(Stored dataset items)
• • • • • • •

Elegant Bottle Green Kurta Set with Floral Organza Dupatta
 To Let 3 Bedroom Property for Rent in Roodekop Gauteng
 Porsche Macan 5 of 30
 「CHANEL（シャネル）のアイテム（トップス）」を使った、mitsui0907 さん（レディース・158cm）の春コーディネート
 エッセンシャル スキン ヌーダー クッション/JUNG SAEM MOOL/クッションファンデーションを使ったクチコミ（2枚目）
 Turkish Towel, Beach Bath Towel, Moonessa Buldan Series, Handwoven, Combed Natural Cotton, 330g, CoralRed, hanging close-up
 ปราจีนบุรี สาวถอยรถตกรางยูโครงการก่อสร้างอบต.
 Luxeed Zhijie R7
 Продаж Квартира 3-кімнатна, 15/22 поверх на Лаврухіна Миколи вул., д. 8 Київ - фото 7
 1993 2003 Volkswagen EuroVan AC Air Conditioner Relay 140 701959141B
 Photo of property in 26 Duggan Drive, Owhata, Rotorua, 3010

• • • • • • •

» **PROBLEM**:
Send back each record exactly, and include them all.

» **RESULT OF THE EXERCISE**:
Elegant Bottle Green Kurta Set with Floral Organza Dupatta
 To Let 3 Bedroom Property for Rent in Roodekop Gauteng
 Porsche Macan 5 of 30
 「CHANEL（シャネル）のアイテム（トップス）」を使った、mitsui0907 さん（レディース・158cm）の春コーディネート
 エッセンシャル スキン ヌーダー クッション/JUNG SAEM MOOL/クッションファンデーションを使ったクチコミ（2枚目）
 Turkish Towel, Beach Bath Towel, Moonessa Buldan Series, Handwoven, Combed Natural Cotton, 330g, CoralRed, hanging close-up
 ปราจีนบุรี สาวถอยรถตกรางยูโครงการก่อสร้างอบต.
 Luxeed Zhijie R7
 Продаж Квартира 3-кімнатна, 15/22 поверх на Лаврухіна Миколи вул., д. 8 Київ - фото 7
 1993 2003 Volkswagen EuroVan AC Air Conditioner Relay 140 701959141B
 Photo of property in 26 Duggan Drive, Owhata, Rotorua, 3010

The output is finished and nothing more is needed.